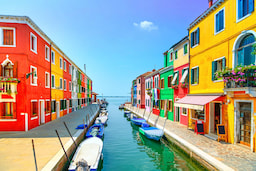 Murano-Burano-Torcello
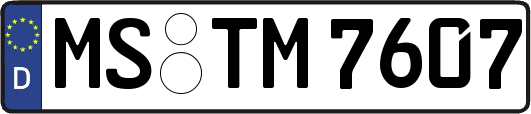 MS-TM7607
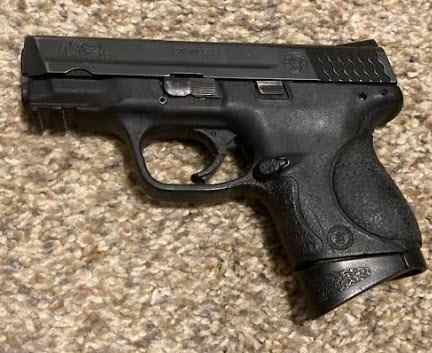 S&amp;W M&amp;P 40c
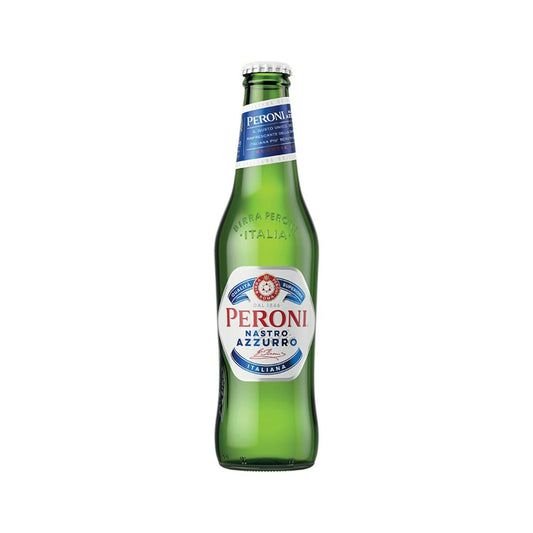 Peroni Nastro Azzurro Bottle 330mL
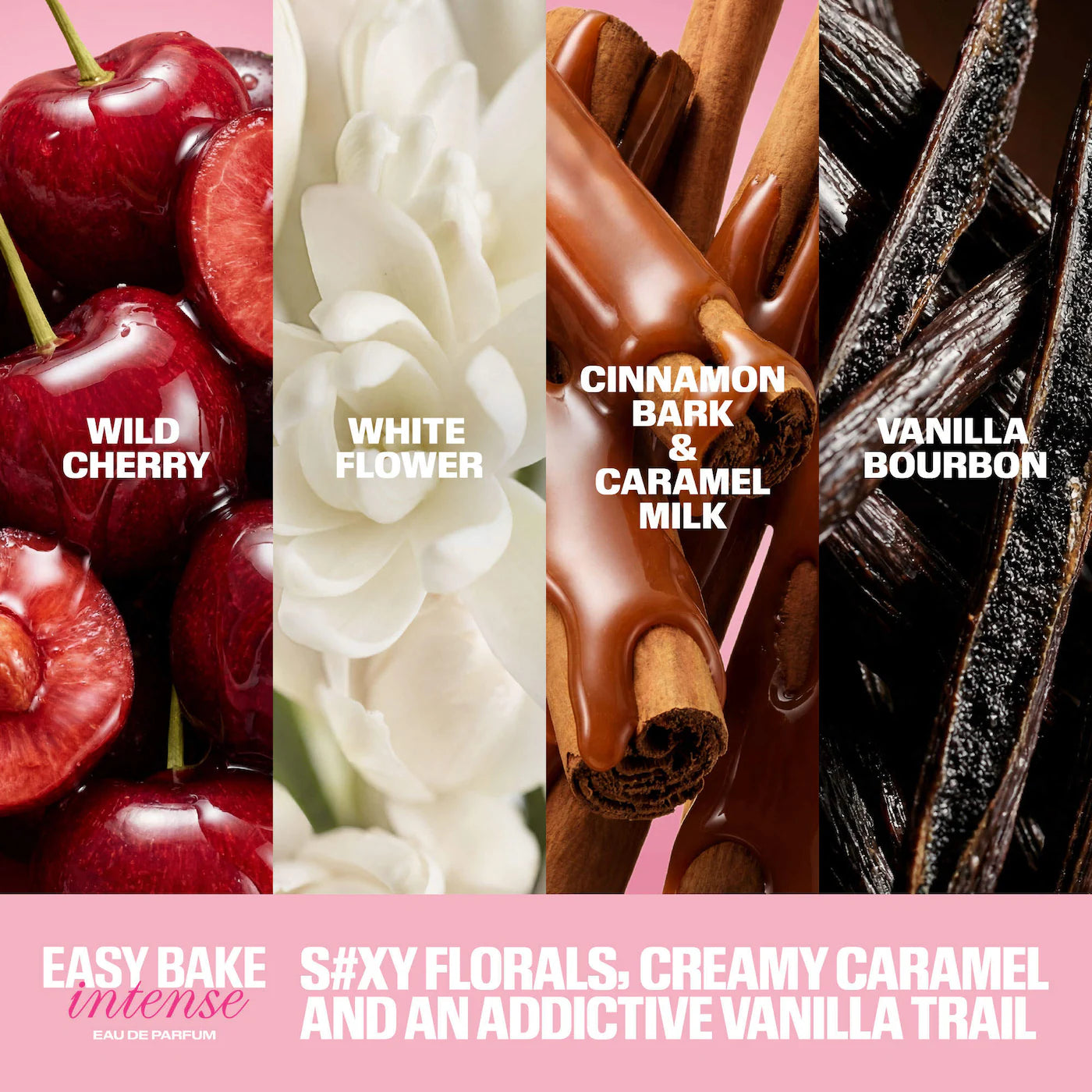 HUDA BEAUTY - Easy Bake Intense Eau de Parfum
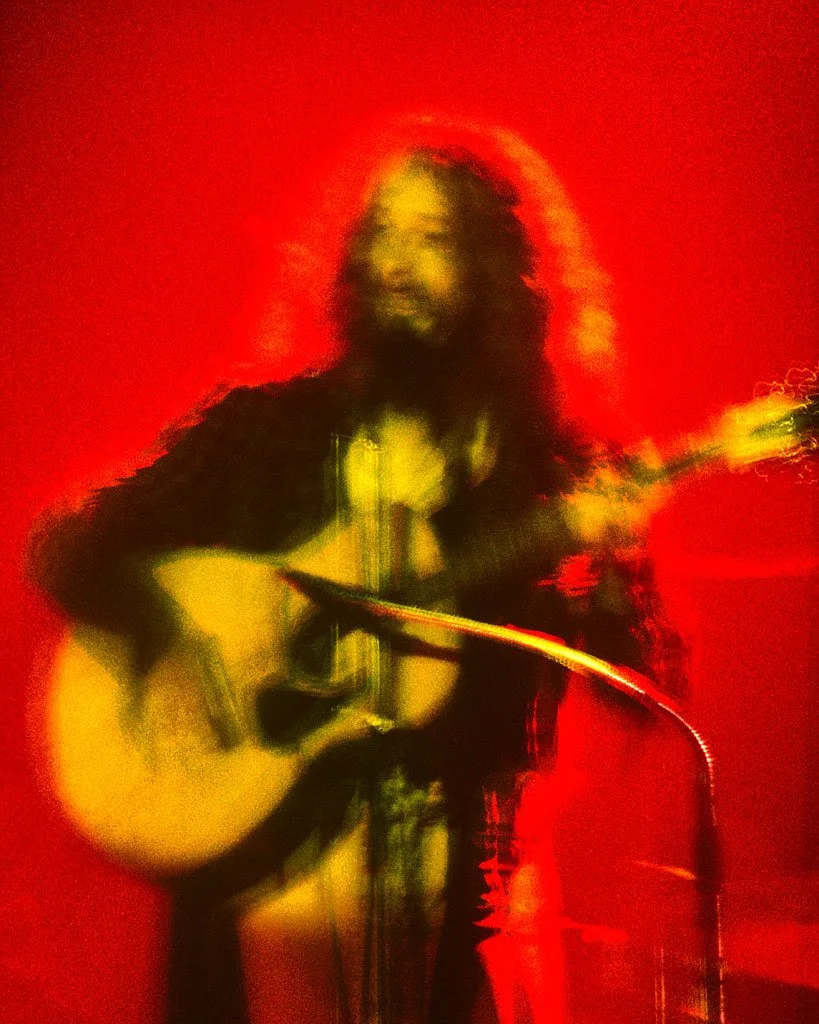 1972 Jethro Tull - Ian Anderson
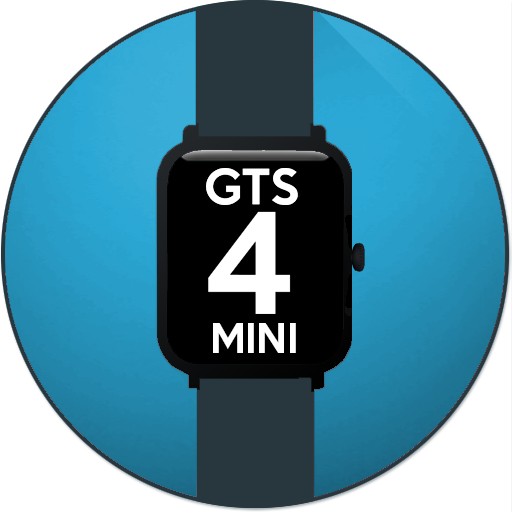Amazfit GTS 4 Mini Watchfaces Amazfit GTS 4 Mini Watchfaces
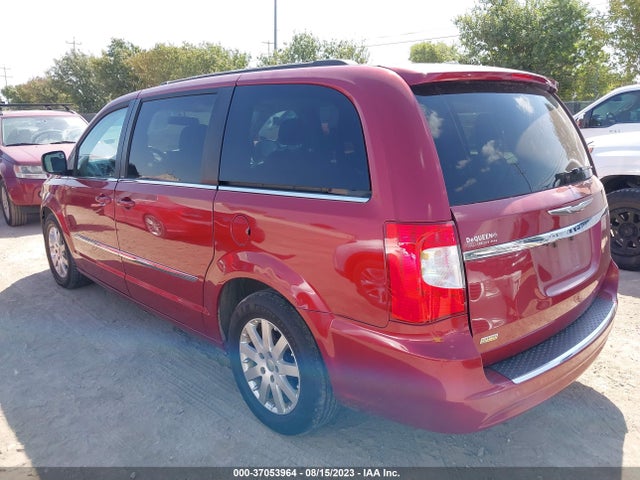 2013 CHRYSLER TOWN & COUNTRY TOURING VIN: 2C4RC1BG2DR744452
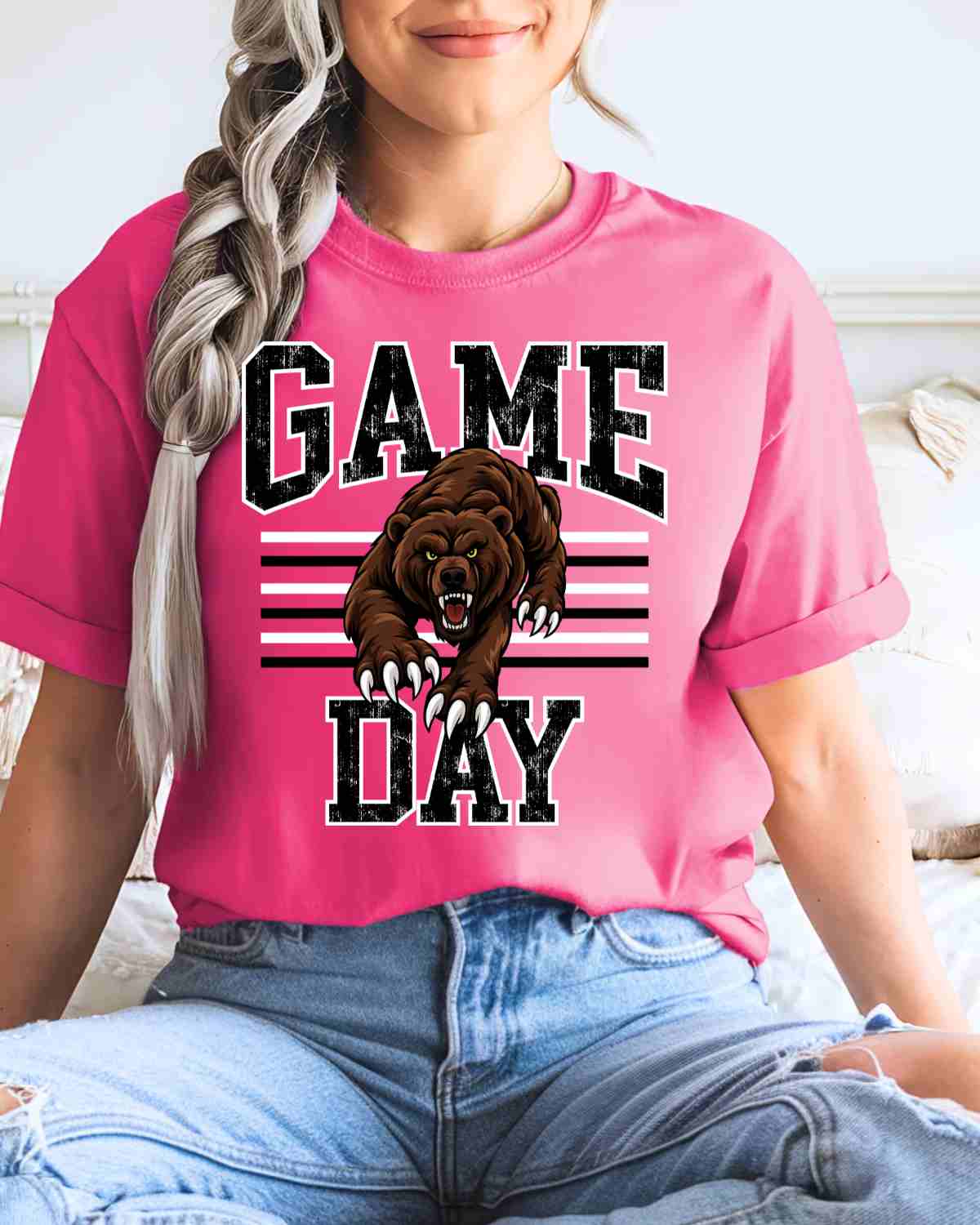 Game Day Bears Shirt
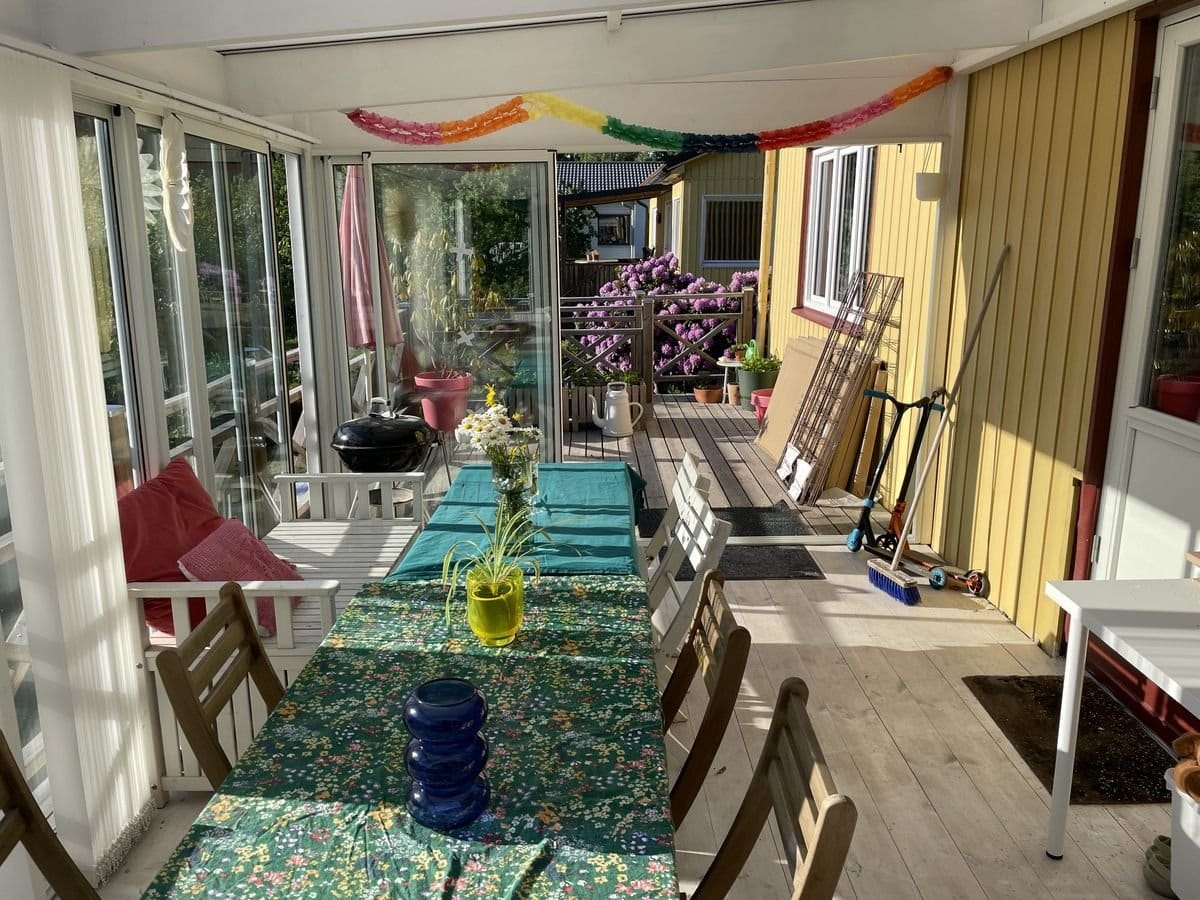 5 rok · 120 m² i Hägersten – bild 11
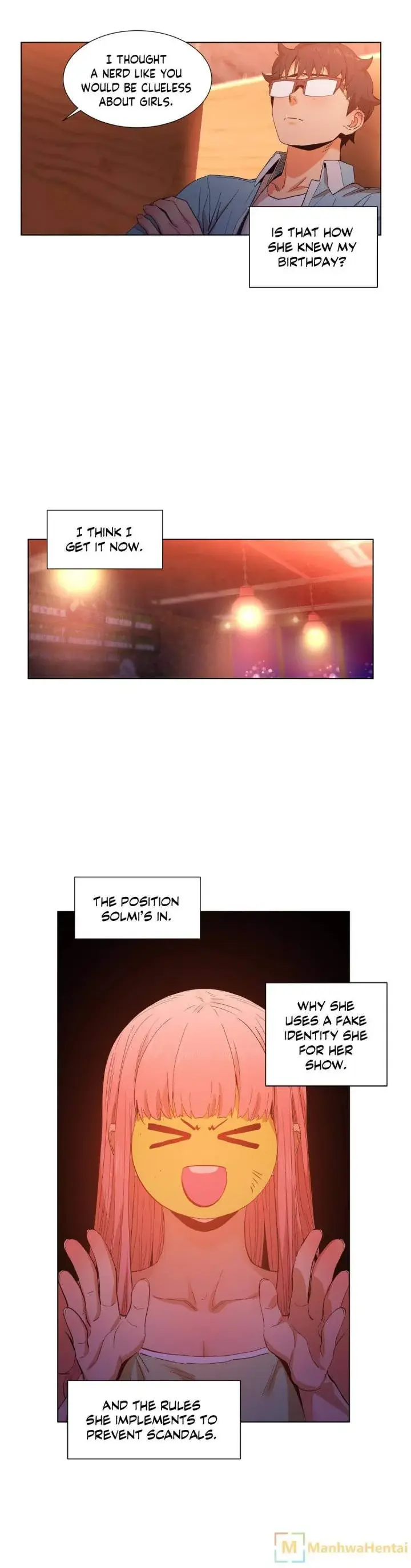 Solmis Channel Chapter 38 - Page 14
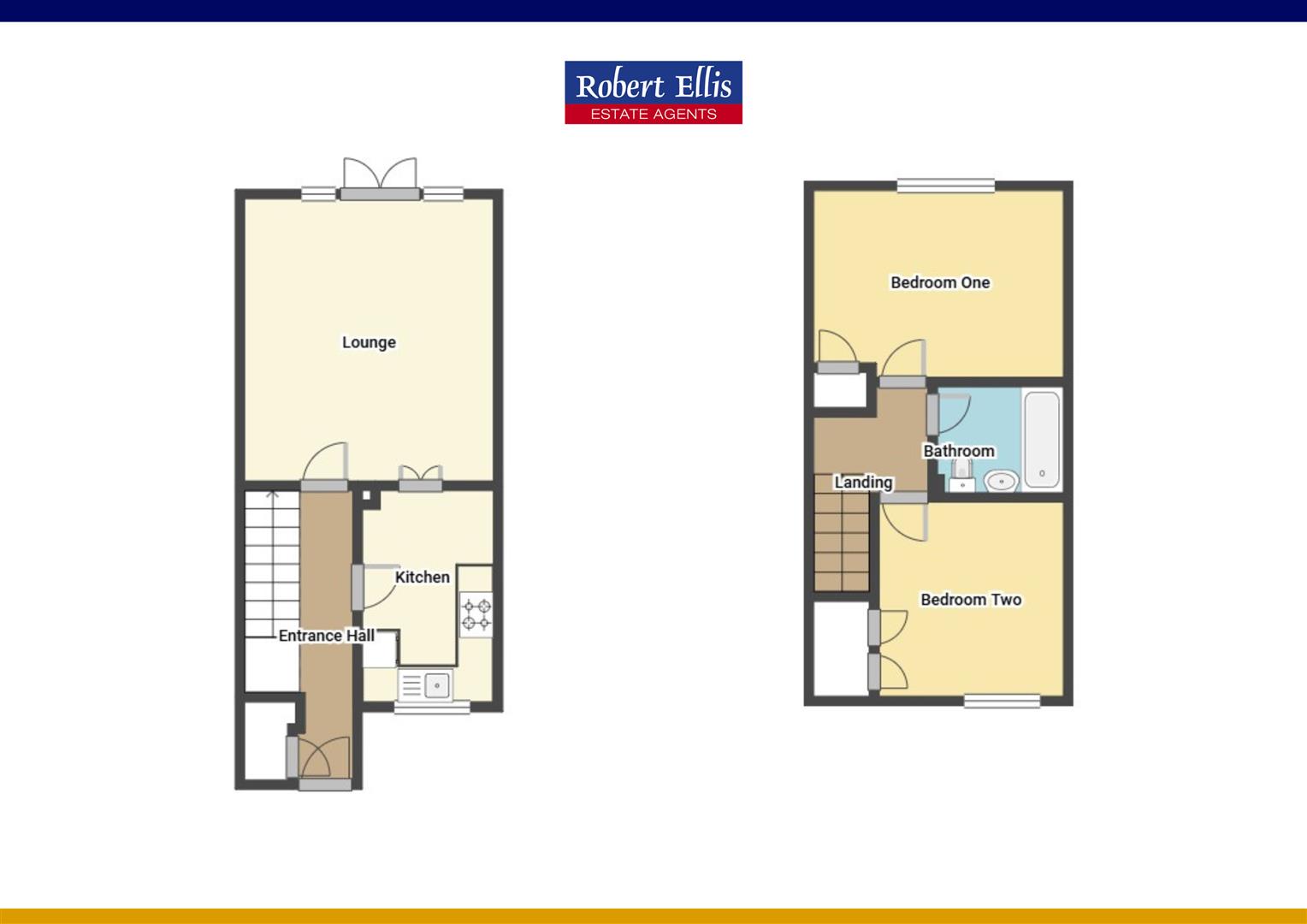 7, Margarets Court, Nottingham floorplan
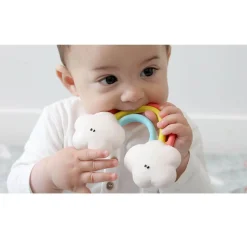 Happy the Rainbow - Jouet de dentition - Lanco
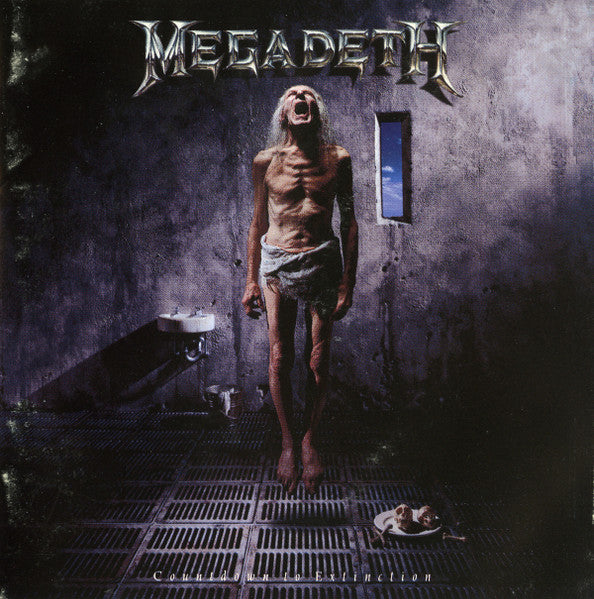 Megadeth – Countdown To Extinction | Used CD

- - - - -

> What is needed
Retype the whole listing exactly. Do not include the pictures.

> Response area
 Murano-Burano-Torcello
 MS-TM7607
 S&amp;W M&amp;P 40c
 Peroni Nastro Azzurro Bottle 330mL
 HUDA BEAUTY - Easy Bake Intense Eau de Parfum
 1972 Jethro Tull - Ian Anderson
Amazfit GTS 4 Mini Watchfaces Amazfit GTS 4 Mini Watchfaces
 2013 CHRYSLER TOWN & COUNTRY TOURING VIN: 2C4RC1BG2DR744452
 Game Day Bears Shirt
 5 rok · 120 m² i Hägersten – bild 11
 Solmis Channel Chapter 38 - Page 14
 7, Margarets Court, Nottingham floorplan
 Happy the Rainbow - Jouet de dentition - Lanco
 Megadeth – Countdown To Extinction | Used CD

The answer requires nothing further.